- **Provided material**

+++++

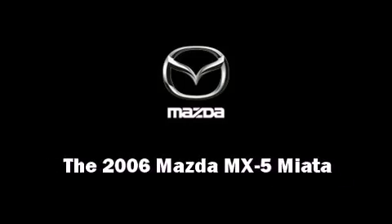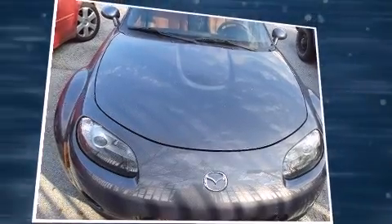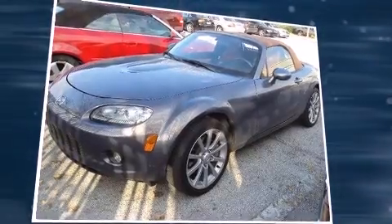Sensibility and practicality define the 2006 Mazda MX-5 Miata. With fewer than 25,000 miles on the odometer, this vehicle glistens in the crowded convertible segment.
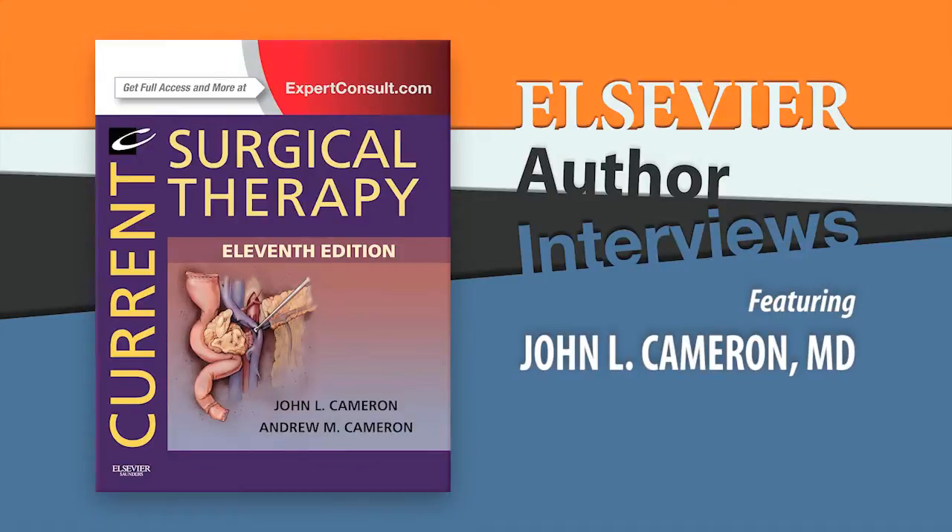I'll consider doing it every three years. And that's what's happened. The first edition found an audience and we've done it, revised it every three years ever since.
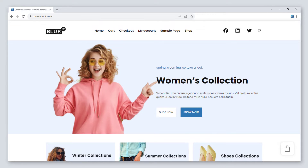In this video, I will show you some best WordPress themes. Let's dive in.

+++++

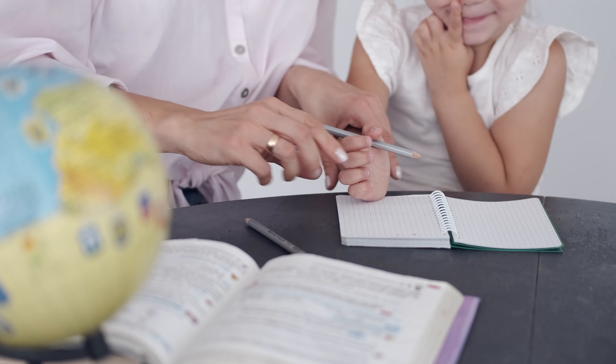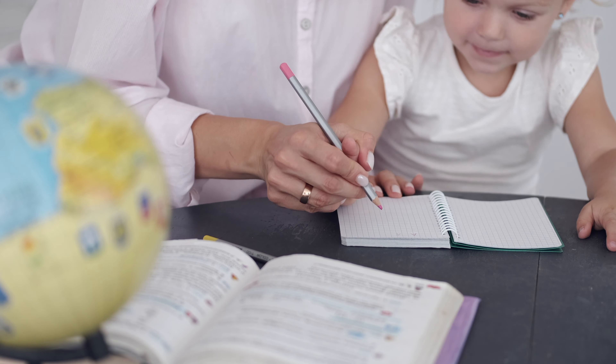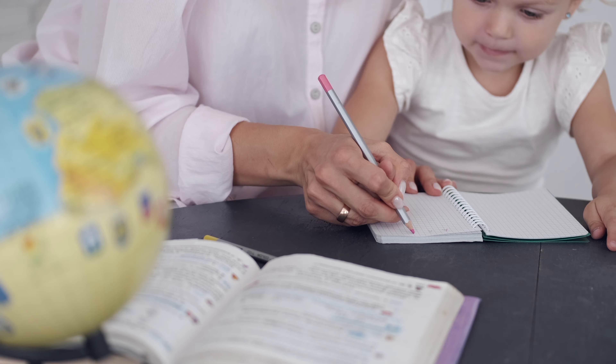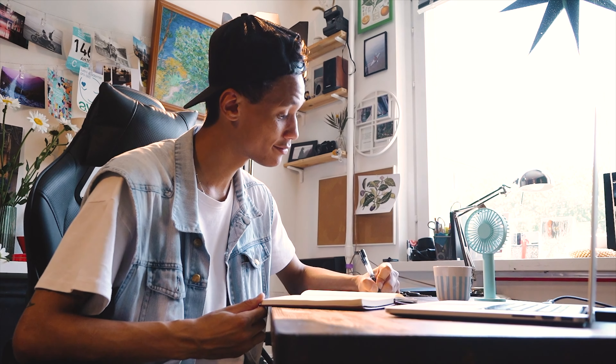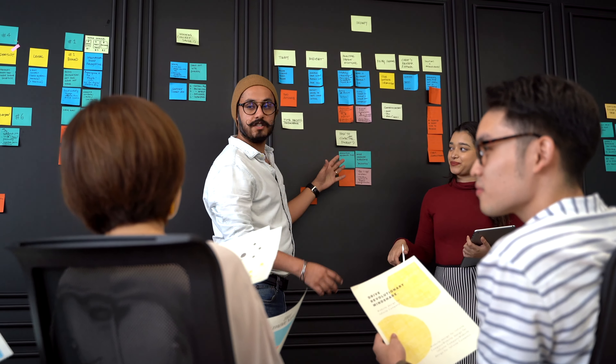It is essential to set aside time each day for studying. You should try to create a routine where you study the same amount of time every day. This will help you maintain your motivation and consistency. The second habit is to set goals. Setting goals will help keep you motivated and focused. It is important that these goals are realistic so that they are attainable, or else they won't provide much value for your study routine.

+++++

The copy should hold exactly the lines above from the one with "I'll consider doing" through the one with "In this video, I", both ends counted, and no pictures at all.

- **Answer to this task**
I'll consider doing it every three years. And that's what's happened. The first edition found an audience and we've done it, revised it every three years ever since.
In this video, I will show you some best WordPress themes. Let's dive in.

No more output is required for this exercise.